D’Agata’s explanation of his own tricks, in comparison, one town for another, one night for another most crucial, most memorable night of another family’s history, reads rather like a smart boy caught out. Why? Because anyone can pretend the eight card is a seven card. That’s easy. And while I often love the charisma of cheaters, after a while I don’t play with them anymore. Their stakes are simply not high enough.
I tell my students, when they are tempted to do this sort of thing, that I am so much more interested in their desire for the information to line up differently, than I am in making those facts line up. I am so interested in their wish that the world be tidy, or even that information be purely informational. Beyond that, I want to know more about what bedtime story, what ingrained narrative, makes them believe that humans believe in “story” playing out a certain way.
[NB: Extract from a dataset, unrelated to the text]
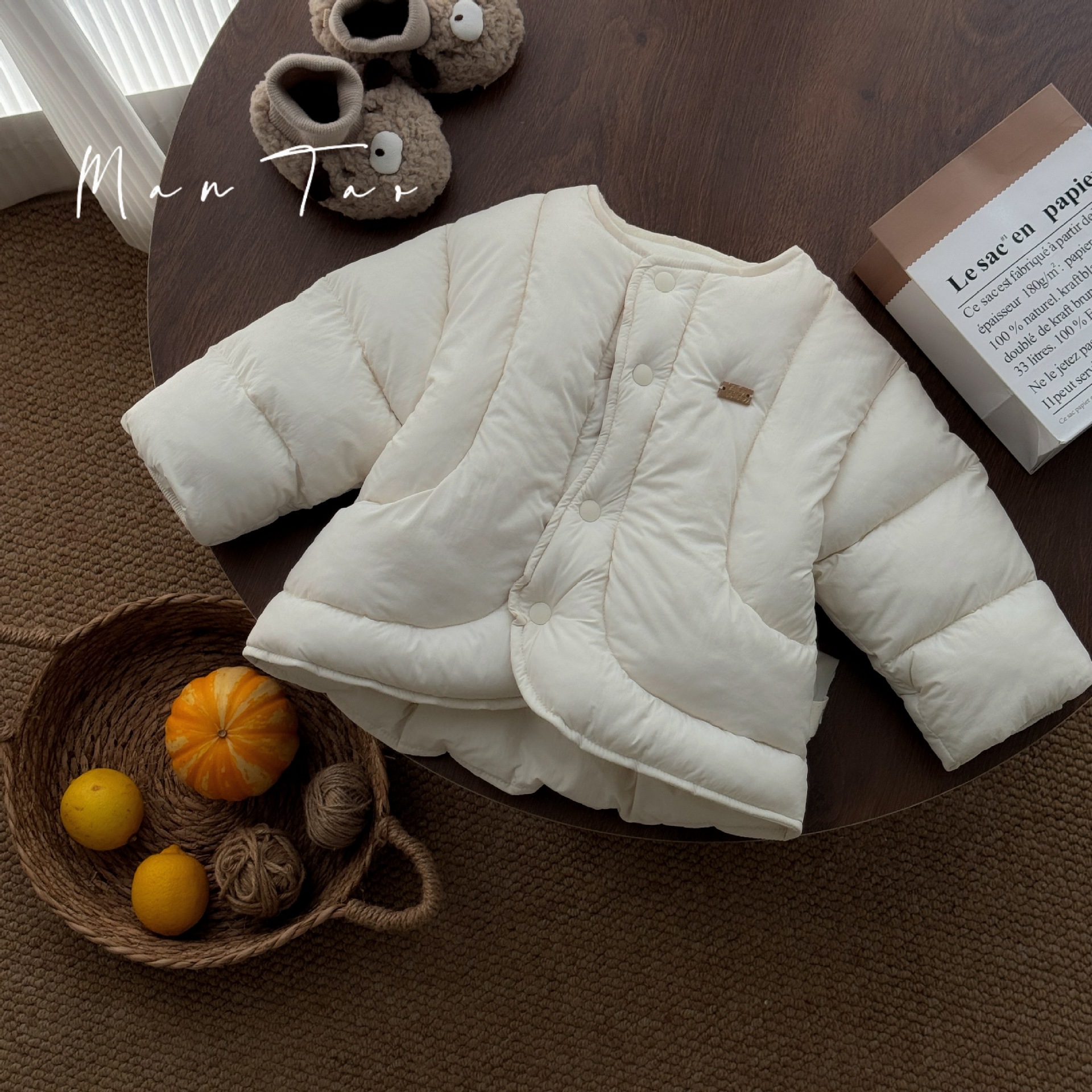 Ropa para niños coreanos, estilo occidental, ropa de algodón de otoño e invierno para niños blancos, gruesa y cálida, ropa de algodón para bebés de 1 a 3 años, ropa de salida 2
In truth, memory’s great betrayal, that it will not lie intact in wait for us, is lament enough to revisit in every generation. This is what I go to nonfiction for, the way we pick at the scab, poke our finger in the wound of memory’s fickle and existential transience, and the inconvenience of our desire to make things whole and right. I am not so interested in the prettiness of the red/black/red/black of solitaire as I am at the process of trying to marshall the cards against the odds into shape, the rush of happening to hold the cards the one time the percentages, with my full attention, can be made to go my way. If there were no odds, I would not care, or try.